Food security is defined, according to the World Food Summit of 1996, as existing "when all people at all times have access to sufficient, safe, nutritious food to maintain a healthy and active life". This commonly refers to people having "physical and economic access" to food that meets both their nutritional needs and food preferences. Today, Ethiopia faces high levels of food insecurity, ranking as one of the hungriest countries in the world, with an estimated 5.2 million people needing food assistance in 2010. Ethiopia was ranked 92 in the world in Global Hunger Index 2020.

The Human Rights Measurement Initiative finds that Ethiopia is fulfilling 61.5% of what it should be fulfilling for the right to food based on its level of income.

== Background ==
Accounting for 84% of the country's labor force, agriculture in Ethiopia is the largest contributor to economic growth and the economy's most important sector. Especially among the poverty-stricken rural population, the livelihood of most Ethiopians depends on agriculture. Although it is a country with "significant agricultural potential because of its water resources, its fertile land areas, and its large labor pool," this potential goes largely undeveloped.
Ethiopian agriculture is incredibly sensitive to shifts in weather. When rainfall is erratic or insufficient for even a few successive rainy seasons, the entire country is prone to falling into famine. The most highly publicized example of this is 1984, when Ethiopia experienced one of its worst droughts in recent history and hundreds of thousands of people (one million people is the estimate most often cited) died or became destitute due to the famine that ensued.
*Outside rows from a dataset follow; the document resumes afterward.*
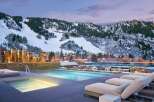 Experience luxury living with this stunning property featuring a rooftop pool and breathtaking mountain views.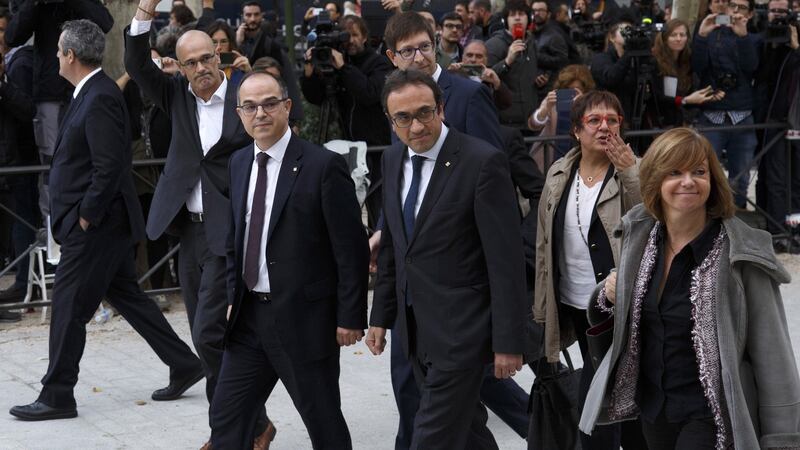 Former members of the Catalan government (left to right): Joaquin Forn, Raul Romeva, Josep Rull, Carles Mundo, Jordi Turull, Dolors Bassa and Meritxel Borras arrive at Spain’s National High Court today in Madrid, Spain. Along with ousted president Carles Puigdemont they were ordered to appear on charges of rebellion, sedition and misuse of public funds following the unilateral declaration of independence. Photograph: Pablo Blazquez Dominguez/Getty Images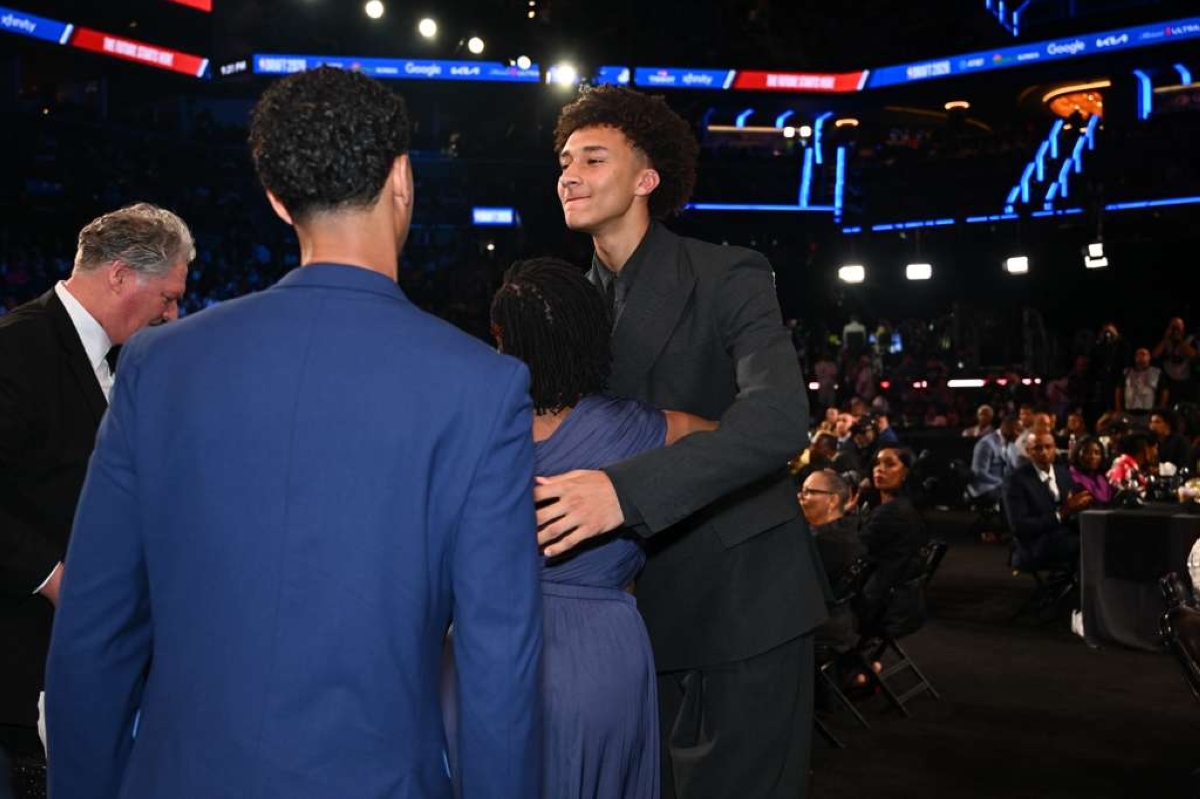 Rwandan-American forward Nate Ament's mother Godelive Mukankuranga congratulates her son after he was selected by the Miami Heat with the 13th overall pick in the 2026 NBA Draft, on Tuesday, June 23.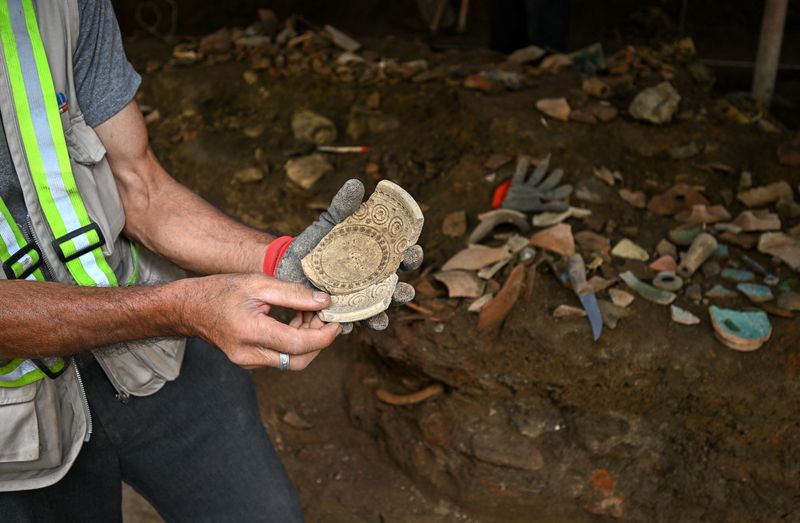 Archaeologist Merab Dzneladze demonstrates an artifact at an excavation site in central Tbilisi, Georgia, September 1, 2026. Recent city centre renovation works exposed a cache of 10th-century pottery, which will be moved to the National Museum for 3D scanning and review.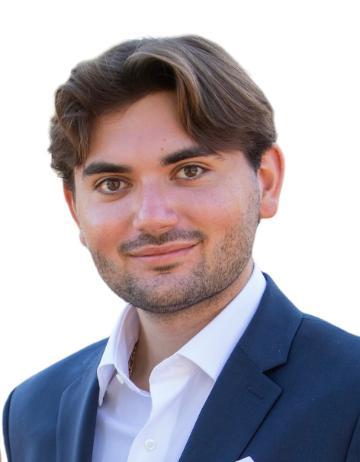 A man in a suit smiling against a white background.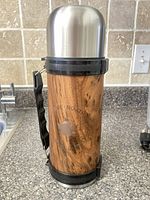 Full thermos with cup in place, showing woodgrain exterior and handle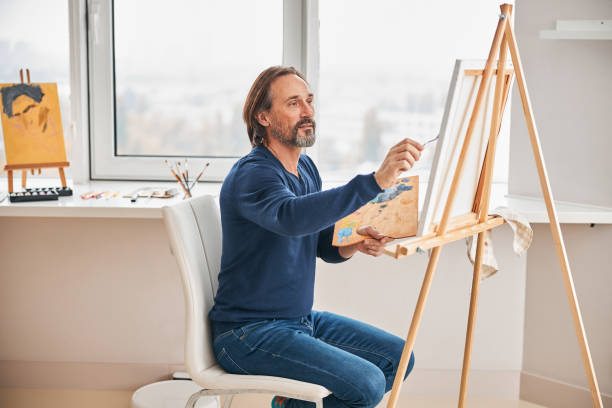 istock Creative gentleman carefully adding more colours to canvas 1286183671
== Current statistics in 2010 ==
According to an early 2010 report, 5.2 million people in Ethiopia face a precarious food security situation. The worsening food security situation is attributed primarily to poor rainfall last year during the February–May and June–October seasons. A series of successive droughts had already weakened Ethiopia's food situation, with "poor and erratic rainfall over the last two years." Global conditions such as the high food and fuel prices that have persisted in the country since the 2008 financial crisis have also contributed to Ethiopia's failing food security.
Ethiopia is considered a least developed country ranked 171 out of 182 countries in the UNDP Human Development Index for 2009. In the 2010 Global Hunger Index, which ranks developing countries and countries in transition based on proportion of undernourished people, proportion of underweight children under five, and child mortality rate, Ethiopia was given a 29.8, on a scale of 0-100, with 0 being the best and 100 the worst possible score. Ethiopia is one of the countries that made the most absolute progress improving its score between 1990 and 2010; in 1990 it had a score of 43.7, and now it's down to 29.8. However, this score is still highly troubling – it's currently ranked 80th out of 84 countries.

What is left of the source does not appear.